On November 17, 2018 the LA Times published an article titled: “California fire: If you stay, you’re dead. How a Paradise nursing home evacuated.”
By Steve Moran
As some of you know, my hometown is Paradise, California — which was recently obliterated by a wildfire, the worst fire ever in the history of California. It has been a long long time since I lived there and I have no family there, so the personal impact is all emotional.
But it still hits extremely close to home. I know about a dozen people who have lost their homes. The church I grew up and was baptized in burned to the ground. It looks like the house my parents rented when we first moved there is ashes and they have not yet inspected the home I did most of my growing up in.
Because of all this, I have been watching the aftermath with deep, unbelievable sadness as each day the number of human remains found grows, as does the number of homes and building that were destroyed.
Getting It As Right As It Gets
The fire destroyed a number of senior living communities in Paradise too. On November 17, 2,018 the LA Times published an article titled: “California fire: If you stay, you’re dead.

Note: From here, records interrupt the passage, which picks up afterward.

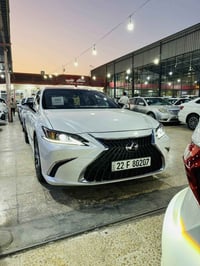 Lexus ES350 2023 شريكة مهند فول مواصفات  بانورما  ٥ كاميرا ٣٦٠ درجة  ٥...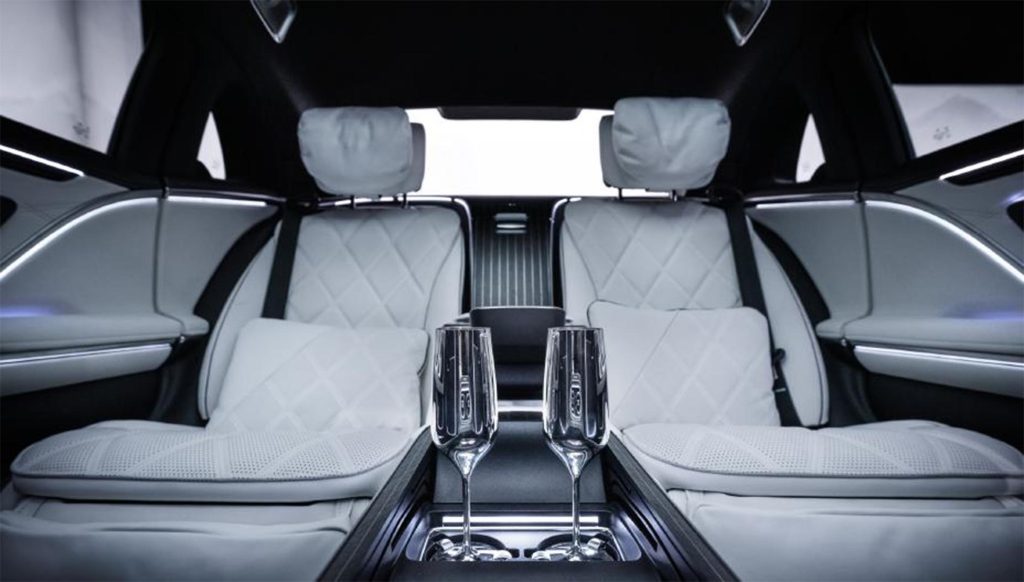 2027 Mercedes-Maybach S680 - champagne flutes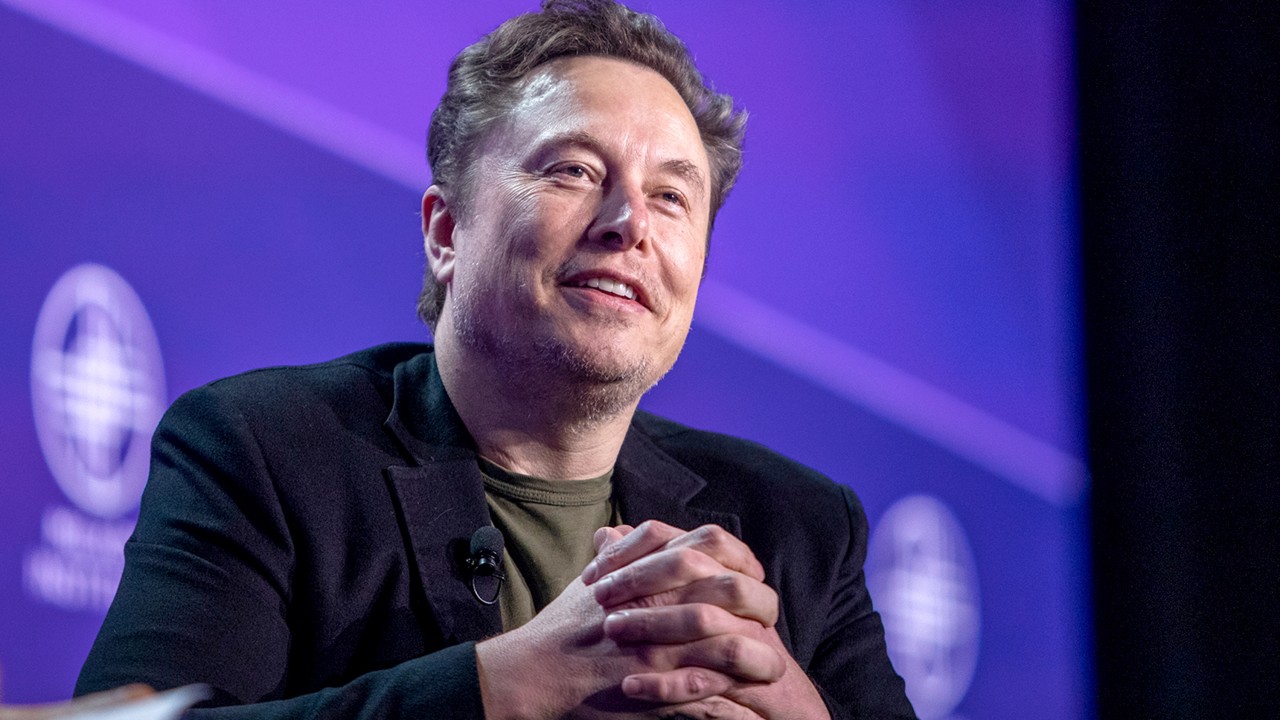 Elon Musk'ın X'i Davetli Kullanıcılara Para Transferi Hizmeti Sunuyor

How a Paradise nursing home evacuated.” — which was about the successful evacuation of 91 residents from Cypress Meadows, a Plum Healthcare nursing home, that burned to the ground.
It is a story of heroics and courage. It is a story of the goodness of people.
It Starts Like This
How do you evacuate a nursing home when the deadliest wildfire in California history is bearing down and there are 91 men and women to move to safety — patients in need of walkers or wheelchairs or confined to hospital beds, suffering from dementia, recovering from strokes?
The fire is coming fast. Help is not.